ポールが運転席からサイレンサー付のコルトを差し出す。
「苦しまないよう、一発で仕留めてやれよ」
革の手袋をはめ、銃を受け取る。
車から降りると春の空気が体を包み込んだ。
マンションのメイン玄関の死角に立った。玄関前の茂みの中から仲間がサインを送って来る。
明子が出て来る…。
明子の背格好を思い出しながらコルトの狙いを定める。
ーー一発で…
その時、玄関の重いガラス扉が開いて、明子が姿を現した。
ー…キュ…ンー
銃弾は肩甲骨と脊椎の間を通り、正確に明子の心臓に達した。
瞬間、信じ難い事だが、明子が振り返った。刹那、視線が絡まる。

ーアイシテル…

shoは明子にゆっくり歩み寄った。
明子は芝の上に仰向けに倒れていた。眼は開いたまま、唇は何か言いかけたように半ば開いている。
shoはかがみ込んで、瞼を閉じてやろうとした。
「よせ、sho!」いつの間にかポールが来ていた。「それはもうakikoじゃない」
ポールは明子のカバンを取り上げ、中を確認している。「全部あるな」
それから”外回り”と呼ばれる組織の仲間にマンションのキーを放り投げた。彼らはこれから明子の部屋に証拠品が残っていないかガサ入れするのだ。警察やヤクザと違う所は、後片付けをする。誰も侵入した形跡を
残さないことだ。

ポールの運転で引き上げる。
shoは明子が最期に何を言いたかったのか考えていた。
「sho」ポールの声に我に返る。「お前、あの女に本気だったのか?」
「バカ言うな」午前中の太陽が目に眩しい。shoはサングラスをかけた。
「そうか、ならいい。sho、日本を離れろ。junzoが動き出したら、組織もお前もヤバイ。何処か南の島へでも行って来い」

飯田純三が独り娘に渡した情報は、日本の政財界を巻き込む大疑獄事件の証拠だった。
ライターとして成功させてやりたい…という親心だったろう。もう一つ、自分の財産を相続させる条件にしたかったと考えられる。相続税を納めても、真水で800億以上と言われる遺産を受け取る、受け取らないで10年近くも、揉めていたらしい。
だが、結局すべては水泡に帰した。

”あの日”から2日後の成田空港。
shoは、本部に戻るポールと別れ、独りバンクーバーへ飛び立つ機内にいた。持ち込み荷物をラゲッジに入れ、シートベルトを閉めて瞑目する。
「成田発バンクーバー行834便にご搭乗のお客様…」機内アナウンスが流れる。間もなく離陸だ。

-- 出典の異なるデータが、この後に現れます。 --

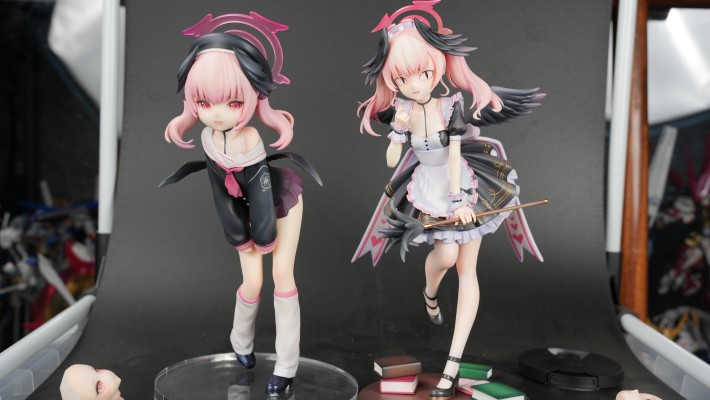 蔚蓝档案 下江小春 图书馆见习女仆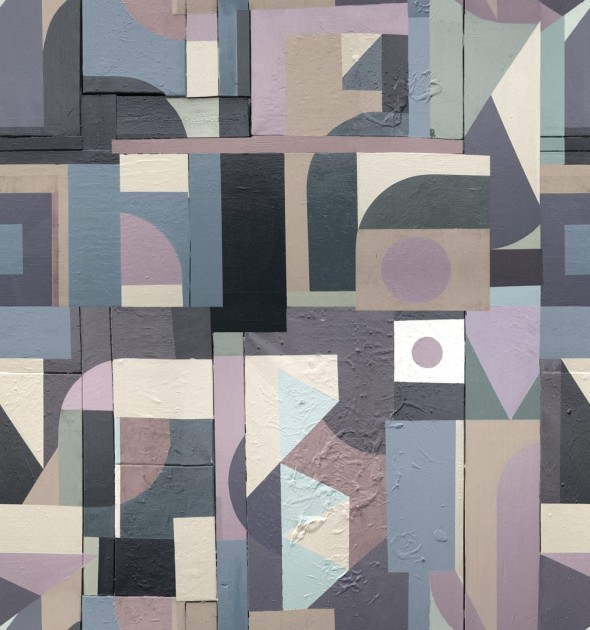 Rebel Walls R19292 Mic Linder My Favorite Colors Pastel - mural geometryczny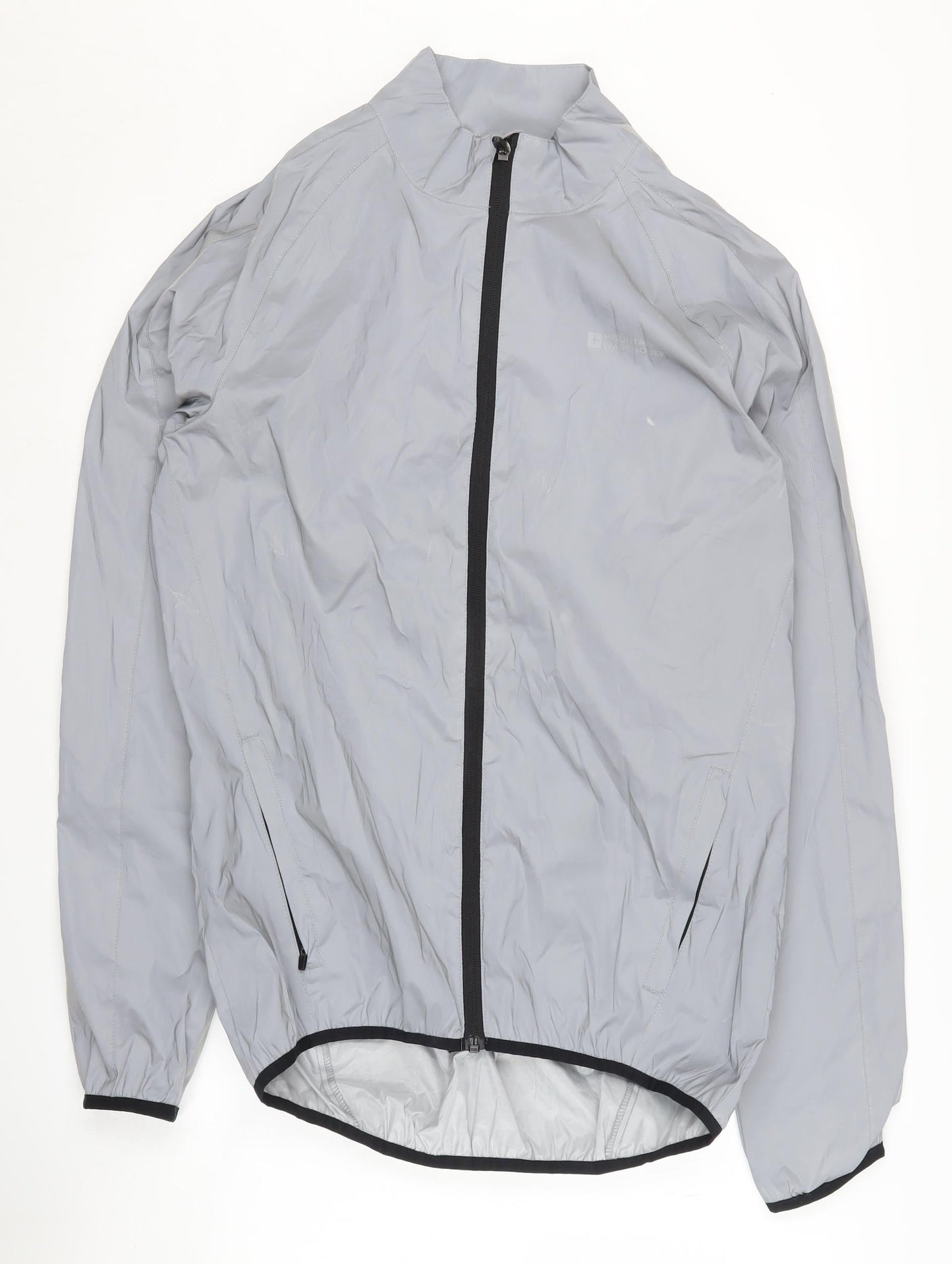 Mountain Warehouse Men's Grey Windproof Jacket Size S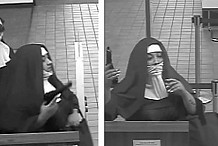Deux femmes déguisées en bonnes soeurs braquent une banque aux Etats-Unis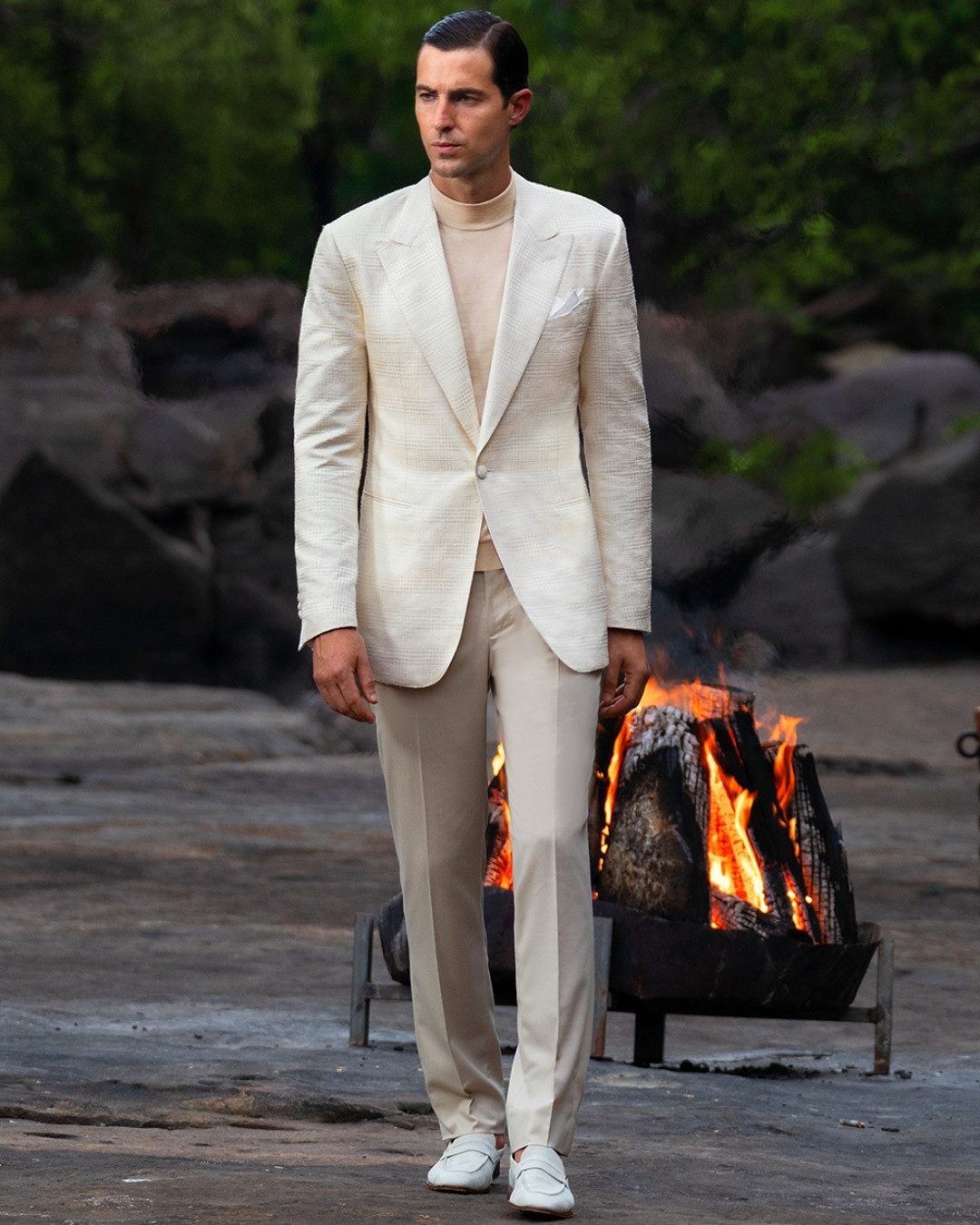 The model in Shinta Mani Wild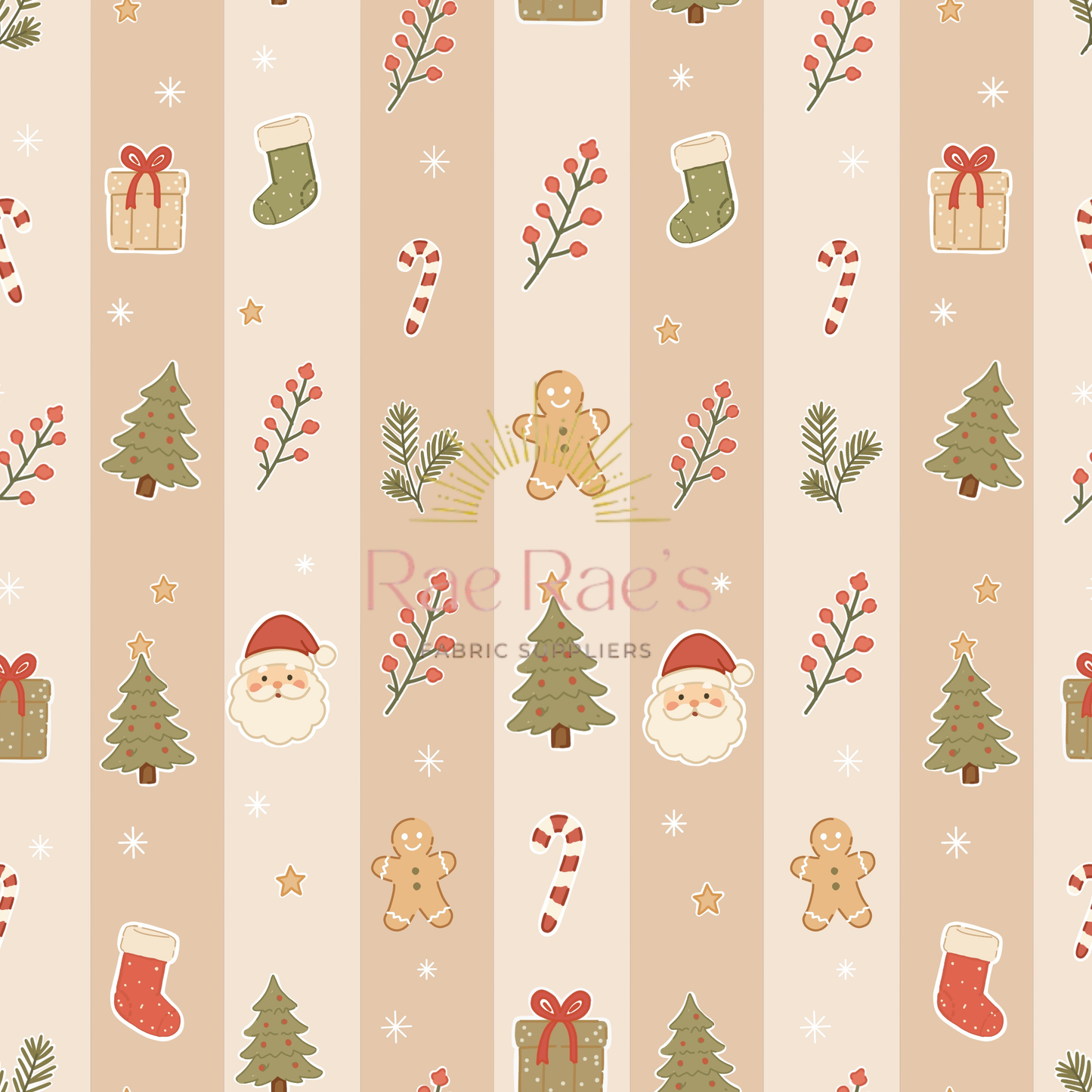 Candy cane stripes Neutral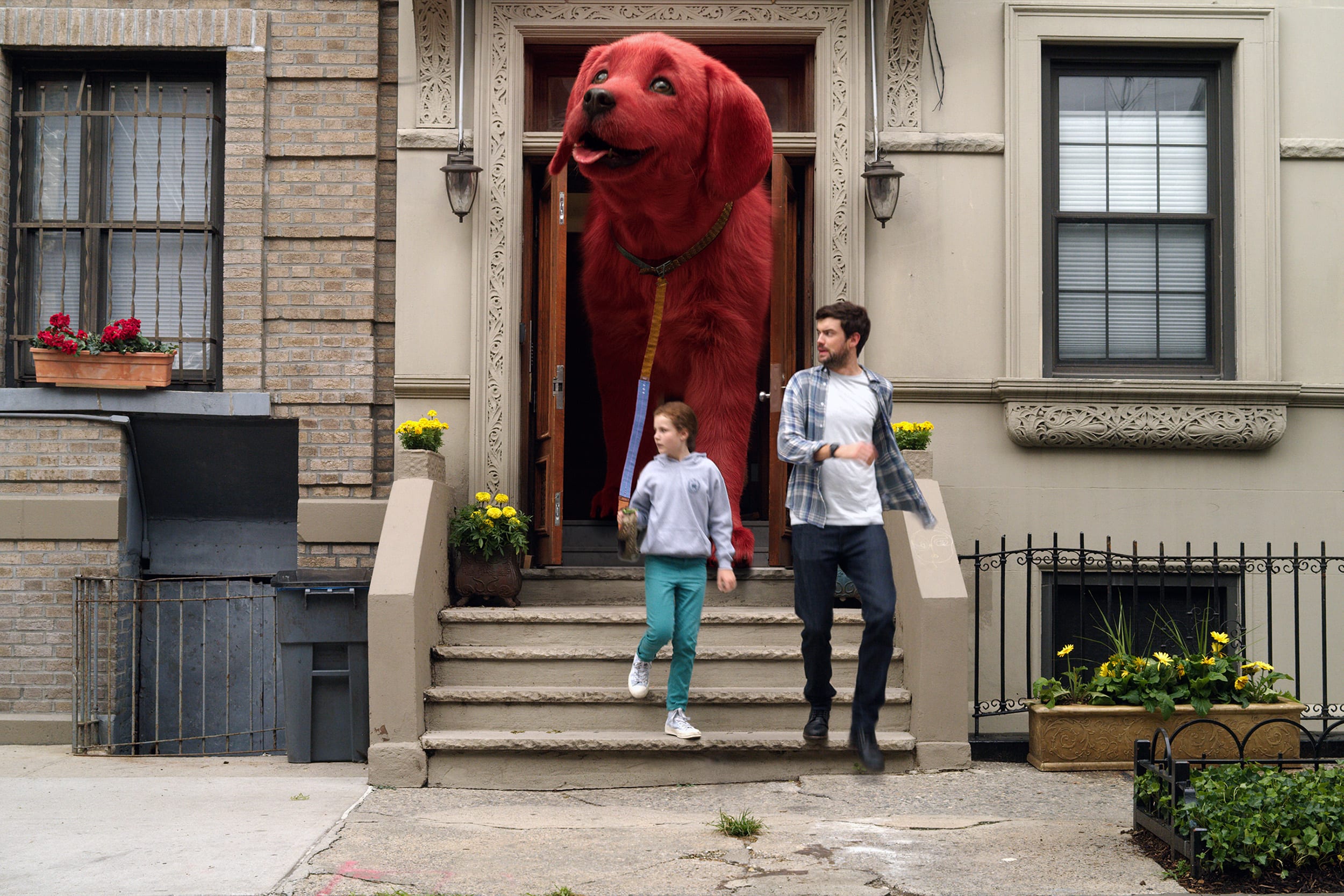 'clifford the big red dog' live action trailer criticized for depiction Link Tank: Clifford the Big Red Dog is the Latest Victim of a Live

空港脇のフェンス沿いの道路に黒塗りの高級車が一台止まっていた。
後部座席には、泣き腫らした眼の老人が、今飛び立って行ったジャンボ機を射落とすような視線で見送った。

その日の夕刻、成田発バンクーバー行834便が、太平洋上で突然レーダーから消えたとのニュース速報が流れた…。